▶ **YOUR GOAL**
Transcribe the listing word for word. Begin at its first line and end with the line containing "NOVEL | Trendy Tracksuit".

▶ **DATA SECTION**
::::
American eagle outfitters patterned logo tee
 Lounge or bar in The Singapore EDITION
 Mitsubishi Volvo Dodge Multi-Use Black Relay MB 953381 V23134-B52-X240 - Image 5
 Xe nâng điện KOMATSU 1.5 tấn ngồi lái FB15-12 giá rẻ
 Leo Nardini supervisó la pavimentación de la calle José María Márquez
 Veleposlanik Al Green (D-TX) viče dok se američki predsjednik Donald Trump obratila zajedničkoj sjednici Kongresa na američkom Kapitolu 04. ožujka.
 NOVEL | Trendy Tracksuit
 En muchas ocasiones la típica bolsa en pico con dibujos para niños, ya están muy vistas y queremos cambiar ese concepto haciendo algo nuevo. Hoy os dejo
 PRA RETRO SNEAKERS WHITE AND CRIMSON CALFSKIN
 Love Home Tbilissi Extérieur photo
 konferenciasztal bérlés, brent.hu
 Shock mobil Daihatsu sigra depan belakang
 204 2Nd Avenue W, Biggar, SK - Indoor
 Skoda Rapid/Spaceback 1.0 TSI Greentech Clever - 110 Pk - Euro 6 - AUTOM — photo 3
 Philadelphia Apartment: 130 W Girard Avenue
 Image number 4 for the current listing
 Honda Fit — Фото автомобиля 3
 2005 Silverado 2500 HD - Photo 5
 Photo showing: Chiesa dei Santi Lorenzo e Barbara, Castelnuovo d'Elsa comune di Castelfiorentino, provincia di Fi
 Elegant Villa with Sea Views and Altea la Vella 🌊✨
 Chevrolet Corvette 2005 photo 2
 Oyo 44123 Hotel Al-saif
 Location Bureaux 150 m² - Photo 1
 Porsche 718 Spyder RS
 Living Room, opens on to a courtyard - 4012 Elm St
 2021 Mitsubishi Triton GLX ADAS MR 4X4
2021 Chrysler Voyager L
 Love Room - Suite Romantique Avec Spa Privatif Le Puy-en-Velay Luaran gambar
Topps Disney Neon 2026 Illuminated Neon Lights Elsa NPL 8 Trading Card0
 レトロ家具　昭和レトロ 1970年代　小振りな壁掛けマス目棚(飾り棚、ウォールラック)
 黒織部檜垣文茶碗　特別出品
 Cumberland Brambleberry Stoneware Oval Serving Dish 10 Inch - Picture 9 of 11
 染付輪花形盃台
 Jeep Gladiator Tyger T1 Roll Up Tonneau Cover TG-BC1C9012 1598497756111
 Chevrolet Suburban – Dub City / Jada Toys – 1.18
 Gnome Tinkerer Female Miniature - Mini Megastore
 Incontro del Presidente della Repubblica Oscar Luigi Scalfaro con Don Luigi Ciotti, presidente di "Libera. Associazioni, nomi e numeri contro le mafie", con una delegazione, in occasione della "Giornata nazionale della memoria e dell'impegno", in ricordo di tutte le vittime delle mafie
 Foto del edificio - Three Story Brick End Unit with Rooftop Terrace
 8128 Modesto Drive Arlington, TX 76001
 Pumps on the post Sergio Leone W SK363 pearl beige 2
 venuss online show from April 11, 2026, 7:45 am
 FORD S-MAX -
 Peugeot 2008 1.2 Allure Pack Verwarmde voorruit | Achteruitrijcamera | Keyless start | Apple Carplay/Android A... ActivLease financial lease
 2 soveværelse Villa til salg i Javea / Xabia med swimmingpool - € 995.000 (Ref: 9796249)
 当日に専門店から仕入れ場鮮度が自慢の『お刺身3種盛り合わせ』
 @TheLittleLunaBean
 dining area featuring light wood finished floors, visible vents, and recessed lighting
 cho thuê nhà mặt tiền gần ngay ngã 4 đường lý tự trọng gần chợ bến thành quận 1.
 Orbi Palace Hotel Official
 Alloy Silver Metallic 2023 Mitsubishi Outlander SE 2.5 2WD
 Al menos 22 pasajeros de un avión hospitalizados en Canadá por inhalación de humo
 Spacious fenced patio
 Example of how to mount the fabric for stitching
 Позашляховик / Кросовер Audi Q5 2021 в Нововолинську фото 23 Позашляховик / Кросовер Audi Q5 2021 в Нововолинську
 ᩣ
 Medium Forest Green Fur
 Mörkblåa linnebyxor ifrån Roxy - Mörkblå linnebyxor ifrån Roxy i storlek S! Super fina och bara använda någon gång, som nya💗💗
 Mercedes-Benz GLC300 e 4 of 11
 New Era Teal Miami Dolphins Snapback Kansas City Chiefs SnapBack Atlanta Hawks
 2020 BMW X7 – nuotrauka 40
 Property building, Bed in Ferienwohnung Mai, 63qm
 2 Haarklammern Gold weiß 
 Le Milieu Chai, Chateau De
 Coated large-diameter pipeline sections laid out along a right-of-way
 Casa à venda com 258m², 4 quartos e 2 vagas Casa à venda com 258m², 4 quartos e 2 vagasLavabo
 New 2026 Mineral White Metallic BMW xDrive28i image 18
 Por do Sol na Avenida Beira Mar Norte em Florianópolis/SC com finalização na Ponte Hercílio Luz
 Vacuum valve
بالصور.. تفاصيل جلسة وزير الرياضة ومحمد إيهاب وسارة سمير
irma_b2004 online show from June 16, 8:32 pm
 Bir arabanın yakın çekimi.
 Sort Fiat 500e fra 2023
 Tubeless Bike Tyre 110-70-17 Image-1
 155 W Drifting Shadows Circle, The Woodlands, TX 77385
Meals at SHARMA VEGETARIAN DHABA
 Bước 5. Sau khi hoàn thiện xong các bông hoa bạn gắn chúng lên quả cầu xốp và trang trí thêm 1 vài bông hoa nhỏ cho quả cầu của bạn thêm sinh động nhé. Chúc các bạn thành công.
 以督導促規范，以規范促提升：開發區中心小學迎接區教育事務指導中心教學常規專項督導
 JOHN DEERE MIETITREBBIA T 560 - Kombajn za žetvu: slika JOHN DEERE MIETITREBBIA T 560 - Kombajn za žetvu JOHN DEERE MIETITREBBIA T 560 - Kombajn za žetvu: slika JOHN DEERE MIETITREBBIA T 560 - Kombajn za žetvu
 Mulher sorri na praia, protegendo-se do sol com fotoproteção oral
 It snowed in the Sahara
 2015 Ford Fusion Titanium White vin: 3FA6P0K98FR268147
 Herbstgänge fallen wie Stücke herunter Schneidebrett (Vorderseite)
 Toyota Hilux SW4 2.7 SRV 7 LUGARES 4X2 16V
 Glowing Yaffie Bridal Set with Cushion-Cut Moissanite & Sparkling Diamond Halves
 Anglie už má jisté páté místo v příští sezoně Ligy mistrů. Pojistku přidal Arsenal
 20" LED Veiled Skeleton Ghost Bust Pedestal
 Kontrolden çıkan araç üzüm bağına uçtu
::::
▶ **YOUR SOLUTION**
American eagle outfitters patterned logo tee
 Lounge or bar in The Singapore EDITION
 Mitsubishi Volvo Dodge Multi-Use Black Relay MB 953381 V23134-B52-X240 - Image 5
 Xe nâng điện KOMATSU 1.5 tấn ngồi lái FB15-12 giá rẻ
 Leo Nardini supervisó la pavimentación de la calle José María Márquez
 Veleposlanik Al Green (D-TX) viče dok se američki predsjednik Donald Trump obratila zajedničkoj sjednici Kongresa na američkom Kapitolu 04. ožujka.
 NOVEL | Trendy Tracksuit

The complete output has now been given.